While there was a minimal rise (one per cent) in entries for the full-course RS, the numbers taking the short course fell by 17.7 per cent. Since 2010, short-course numbers have declined by 75 per cent.
The contraction in short-course entries is almost certainly due to the Government’s decision to end in England the system that allowed schools to add short-course qualifications — which counted as half a GCSE — to their overall examinations tally, a move that came into effect in the school year 2013-14. Religious Studies, however, was the only subject significantly affected, because it was the only subject with a substantial take-up of the short-course option, mainly used by schools to make the most of the compulsory class-time given over to Religious Education.
Religious-education specialists say that the latest figures confirm their belief that, since the devaluing of the short-course GCSE, many more non-church schools and academies are failing to meet their obligation to provide RE for older pupils.

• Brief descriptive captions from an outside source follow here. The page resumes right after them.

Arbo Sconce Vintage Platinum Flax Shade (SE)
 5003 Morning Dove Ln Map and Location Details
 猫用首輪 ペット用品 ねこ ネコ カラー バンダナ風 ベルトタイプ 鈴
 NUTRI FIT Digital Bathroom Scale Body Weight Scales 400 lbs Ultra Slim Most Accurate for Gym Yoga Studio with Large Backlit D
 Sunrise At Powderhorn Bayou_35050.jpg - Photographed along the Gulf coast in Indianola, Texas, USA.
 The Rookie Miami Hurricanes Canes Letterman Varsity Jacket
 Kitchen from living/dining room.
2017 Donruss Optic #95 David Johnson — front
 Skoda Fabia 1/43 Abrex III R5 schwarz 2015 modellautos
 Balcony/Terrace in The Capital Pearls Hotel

In 2014, the number of schools that had no GCSE RS entries was 1197 — 268 fewer than in 2010. Moreover, research by the National Association of Teachers of RE, published in January this year, found that 30 per cent of community schools and 40 per cent of academies without a religious designation failed to provide RE for 14- to 16-year-olds.
The chief executive of the Religious Education Council of England and Wales, Rudolf Eliott Lockhart, said that the decline in short course take-up was troubling.
Good results. Schools with religious foundations scored high in this year’s A-level and GCSE examinations. League tables compiled by The Daily Telegraph listed Wilson’s School, Surrey, and St Olave’s, Orpington, as among the top scorers at A level. The top 50 comprehensives included Lady Margaret School, west London; Bishop Stopford, Kettering; Greycoat, Westminster; The Green School, Hillingdon; the Blue Coat School, Oldham; and Bishop Luffa, Chichester.